なぜExcelの仕様書・設計書が嫌いなのか その3

 このタイトルでまだまだ続きそうな気が……。で、今回は、ドキュメントの検索性についてを論じてみようと思う。
 ドキュメントとはいうまでもなく、仕様や設計について書き記したものである。このドキュメントにおいて検索性とは何かといえば、それはもちろん目的のものがいかにすばやくひけるかを意味している。それはつまり、目的箇所の指示性の高さと同義になってくると思う。指示性とは、たとえば電話越しで打ち合わせをした際、意図した部分を見てもらうのにすんなりとそれを指し示せるかどうかである。

 文書の検索性は古来より工夫が重ねられてきた。

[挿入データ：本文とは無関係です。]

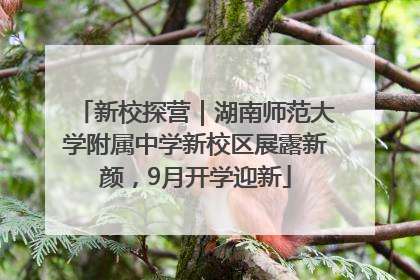 新校探营｜湖南师范大学附属中学新校区展露新颜，9月开学迎新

まずはなんといっても目次である。これがあるのとないのでは、検索性が大きく違う。あらゆる文書において目次がない、目次が間違っているというのは言語道断である。このように重要性の高い目次であるが、これを手動で作るのは非常に面倒である。また、版を重ねるごとにページ構成がかわりそれに伴って目次を作り直していてはいくら時間があってもたりない。ここはやはり、自動生成したいものである。少なくともWordは、このページ作成機能においてはウィザード形式であり、操作が(Excelにくらべて)平易である。

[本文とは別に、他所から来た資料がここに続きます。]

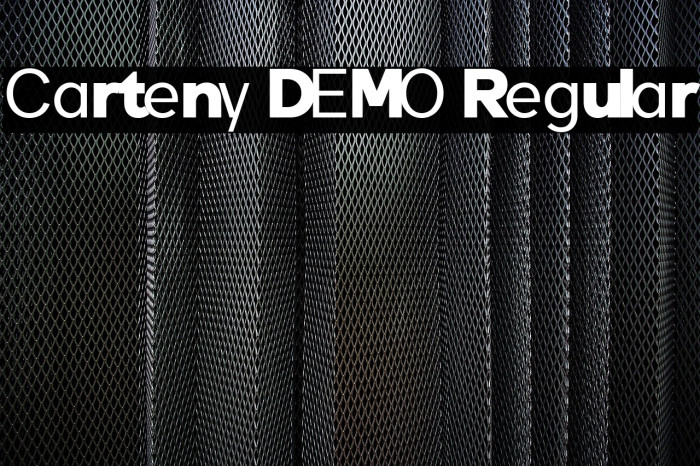 Carteny DEMO Regular Example 1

 1冊あたりのページ数が少ないので目次はいらないと思うのはナンセンスである。たしかにそれはそうなのだが、その分、文書数が多くなるはずだ。実はこの書化というのが曲者なのである。ドキュメントの種類が多くなれば、その分、知りたいことがどのドキュメントに書いてあるかを調べるための手立てが必要になってくる。それはつまり、冊数の多い百科事典には必ず(しかも1冊分ほどの厚みで)『総合索引』というのがついてくるが、それと同等のものが必要となってくるということである。もし、それを準備しない場合は、チューブファイル(キングファイル)なりなんなりを片っ端からひっくり返してみなければならないというはめになる。

 さて、ドキュメント単体の話に戻そう。目次の次に必要となってくるのはリファレンス(=参照)であろう。つまり、『詳しくは32ページ参照』のようにすることである。これをExcelで実現するのは非常に難しい。また、分書化しすぎても難しい。参照先が別冊になってしまう可能性があるからだ。しかし、このような記述がない場合は、読み手の意識は散漫する。「その内容を詳しく知りたい場合は、どこを見ればいいのだろうか」、「単に後述と書いてあるが、どれぐらい後ろに書いてあるのだろうか。あまり後ろなら忘れてしまわないうちに参照したい」などと思うからである。

 最後に図表番号をつけることも有意義であろう。「○○の値っていくらだっけ?」「表3.2.4に書いてあります」というようにスムースなコミュニケーションが可能になるからである。また、図表番号を用いない場合は「下表のように」「左図で示すように」と常にレイアウトを気にしなければならない。版を重ね、文章量の増減でどうしても表が「下」におけなくなった場合は、「下表」と書いてあるすべての部分を書き直さねばならなくなってしまうのである(ただし比較的新しいWordにはこの点も自動化する機能がある)。しかし、「表3.2.4によると……」のように書いておけば、レイアウトにほとんど気を使う必要がなくなる。この図表番号を自動的に採番し、図表に付加する機能も Wordには存在する。さらにはそこから図表索引を自動的に作る機能もあり、これは検索性の大幅な向上に寄与するだろう。

以上が、検索性についてである。次回は、更新性について論じてみたいと思う。